Perhaps the most well-known higher-dimensional object is the hypercube, the four-dimensional analog to the three-dimensional cube. Many were introduced to it in the story A Wrinkle in Time, by Madeleine L'Engle, or ``And He Built a Crooked House'', by Robert Heinlein. Anyone who wishes to understand four-dimensional objects would do well to study the hypercube as a first attempt.

One way to understand four dimensions is to look closely at how we can understand three dimensions using only images drawn in the plane. How we use these two-dimensional images to reconstruct in our heads the full three-dimensional objects can serve as a basis for trying to use three-dimensional pictures to construct four-dimensional objects in our heads in a similar way. A careful study of two and three dimensions, and in particular, how we can move from one to the other, is necessary for this to be successful.

To understand the four-dimensional hypercube, then, we should look at the three-dimensional cube, and its analog in two dimensions, the square. Indeed, we can go even further by looking also at the corresponding one-dimensional object, the line segment, and even the zero-dimensional version, the point. This family of objects--the point, segment, square, cube, and hypercube--form a wonderfully interconnected collection, whose relationships we now investigate.

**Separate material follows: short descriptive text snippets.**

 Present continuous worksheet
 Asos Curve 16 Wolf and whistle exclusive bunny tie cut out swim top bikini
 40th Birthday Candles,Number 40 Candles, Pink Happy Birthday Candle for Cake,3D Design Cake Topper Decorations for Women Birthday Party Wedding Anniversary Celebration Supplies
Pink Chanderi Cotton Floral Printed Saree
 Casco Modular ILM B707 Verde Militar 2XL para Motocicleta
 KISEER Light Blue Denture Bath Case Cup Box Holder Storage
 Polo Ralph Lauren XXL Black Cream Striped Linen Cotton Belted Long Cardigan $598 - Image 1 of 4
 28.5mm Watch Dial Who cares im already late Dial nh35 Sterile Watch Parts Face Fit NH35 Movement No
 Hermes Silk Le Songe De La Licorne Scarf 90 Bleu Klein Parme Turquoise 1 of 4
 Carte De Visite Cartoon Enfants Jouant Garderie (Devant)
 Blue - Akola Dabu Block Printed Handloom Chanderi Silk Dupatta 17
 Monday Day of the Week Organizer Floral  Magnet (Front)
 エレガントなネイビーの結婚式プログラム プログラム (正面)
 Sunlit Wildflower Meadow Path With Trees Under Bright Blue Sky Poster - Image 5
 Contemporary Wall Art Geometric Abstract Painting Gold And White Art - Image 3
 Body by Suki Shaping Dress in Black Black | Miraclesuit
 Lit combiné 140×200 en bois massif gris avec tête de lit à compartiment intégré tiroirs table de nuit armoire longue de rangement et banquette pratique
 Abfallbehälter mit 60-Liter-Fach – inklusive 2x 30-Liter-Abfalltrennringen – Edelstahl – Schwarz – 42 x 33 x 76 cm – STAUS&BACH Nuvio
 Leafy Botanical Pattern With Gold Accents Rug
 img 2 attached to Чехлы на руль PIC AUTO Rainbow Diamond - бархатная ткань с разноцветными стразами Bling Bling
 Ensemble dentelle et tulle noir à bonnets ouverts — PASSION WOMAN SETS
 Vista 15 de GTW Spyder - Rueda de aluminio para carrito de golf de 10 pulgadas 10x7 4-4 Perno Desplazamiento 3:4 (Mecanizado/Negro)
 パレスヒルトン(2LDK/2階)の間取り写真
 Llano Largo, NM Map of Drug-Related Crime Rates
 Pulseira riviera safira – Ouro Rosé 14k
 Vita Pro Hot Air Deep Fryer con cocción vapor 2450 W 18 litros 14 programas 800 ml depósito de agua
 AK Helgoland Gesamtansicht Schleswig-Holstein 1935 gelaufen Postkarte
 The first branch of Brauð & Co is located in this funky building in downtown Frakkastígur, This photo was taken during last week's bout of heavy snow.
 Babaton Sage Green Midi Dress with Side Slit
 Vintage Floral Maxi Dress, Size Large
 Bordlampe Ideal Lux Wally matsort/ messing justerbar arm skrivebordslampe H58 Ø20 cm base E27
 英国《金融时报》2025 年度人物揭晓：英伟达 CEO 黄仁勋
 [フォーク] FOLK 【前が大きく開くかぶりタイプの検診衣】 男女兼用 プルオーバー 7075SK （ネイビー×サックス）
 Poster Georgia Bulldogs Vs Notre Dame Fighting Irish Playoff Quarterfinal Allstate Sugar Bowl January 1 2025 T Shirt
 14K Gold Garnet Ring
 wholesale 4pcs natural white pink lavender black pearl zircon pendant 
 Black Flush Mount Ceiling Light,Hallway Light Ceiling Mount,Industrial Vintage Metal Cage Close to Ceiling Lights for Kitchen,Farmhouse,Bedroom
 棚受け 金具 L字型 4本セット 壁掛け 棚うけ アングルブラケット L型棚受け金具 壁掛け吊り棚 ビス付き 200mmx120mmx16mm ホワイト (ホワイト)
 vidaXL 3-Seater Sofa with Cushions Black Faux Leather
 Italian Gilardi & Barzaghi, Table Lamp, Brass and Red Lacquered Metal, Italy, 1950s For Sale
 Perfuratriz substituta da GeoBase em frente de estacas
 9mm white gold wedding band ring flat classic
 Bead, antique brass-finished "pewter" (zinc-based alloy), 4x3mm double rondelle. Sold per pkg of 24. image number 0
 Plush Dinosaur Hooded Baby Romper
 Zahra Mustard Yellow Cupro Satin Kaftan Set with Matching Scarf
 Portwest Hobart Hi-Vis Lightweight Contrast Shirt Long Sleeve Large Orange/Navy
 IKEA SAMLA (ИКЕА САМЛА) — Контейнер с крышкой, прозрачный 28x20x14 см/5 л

The first thing to note is that the lower dimensional versions appear as parts of the higher dimensional ones. For example, the cube has faces that are squares, the square has edges that are segments, and even the segment has ends that are points. This suggests that the hypercube should have faces that are cubes, and indeed, this is the case. Just as the cube has square faces meeting at segments (its edges), and points (its corners), the hypercube has cubical faces that attach to each other along their square faces, and which meet at segments and points. But how many of these are there, and how do they connect together? To understand the hypercube better, we will try to count the number of pieces that make it up. In particular, we want to know how many cubical faces it has.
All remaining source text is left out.